FIG. 7 illustrates a backlighting sequence. One of each of the chosen choice selectors of the attribute selection sites is backlighted as well as the analyze button 114. This refreshes the customer's memory and confirms the selected answers to the questions along the attribute selection sites. Secondly, backlighting highlights three products suitable for the person pursuant to the questionnaire analysis. Backlighted depictions are presented of bottles for a facial cleanser 116, a body shower gel 118 and a conditioning lotion 120.
 Variations of the third embodiment can also be practiced according to the present invention. For instance, the two-way mirror embodiment of FIGS. 6-7 can be provided with a membrane keypad underneath the mirror. Questions and a list of potential responses are viewable by scrolling up and down the mirror. The selector choices can be highlighted by an LCD tight. Based upon the individual choice selector response, a set of personal care products are then recommended. The recommendation is accomplished by triggering a color LCD image behind the two-way mirror. The image of a product bottle can then shine through the mirror. Those icons representing other (non-appropriate) products remain dark and therefore, non-visible to the customer.
 Diagnostic articles according to the present invention are particularly suitable for skin but are not limited thereto. For instance, the device of this invention may be applicable to hair, underarm and oral products. Among questions necessary to probe for an appropriate personalized regime for hair treatment include those related to oiliness, color, dandruff susceptibility, age, curliness and thickness. Hair products can be recommended from categories including personalized conditioner, shampoo, styling aid, colorants and hair sprays.
 Dental products can also be personalized with the diagnostic article of this invention.
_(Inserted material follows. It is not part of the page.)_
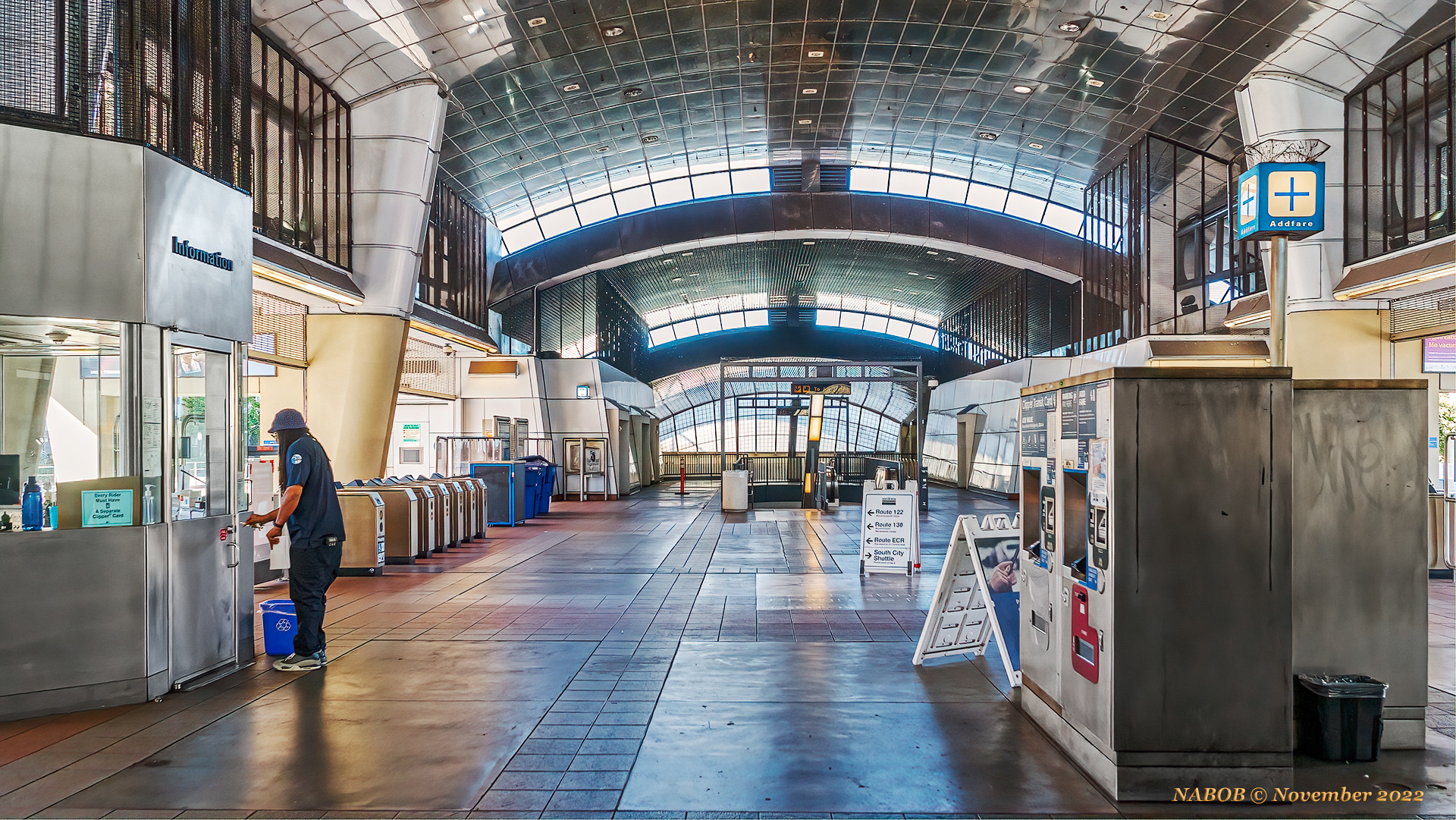 South San Francisco BART Station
Questions that may be placed to a customer include teeth whiteness, number of cavities, breath freshness, taste, packaging type and combinations thereof. Use of the mirror is particularly effective to help customers match their teeth color in response to a question(s) regarding coloration. The mirrors also are useful to have a customer identify the number of cavities which may have been previously filled.
 The term “comprising” is meant not to be limiting to any subsequently stated elements but rather to encompass non-specified elements of major or minor functional importance. In other words the listed steps, elements or options need not be exhaustive. Whenever the words “including” or “having” are used, these terms are meant to be equivalent to “comprising” as defined above.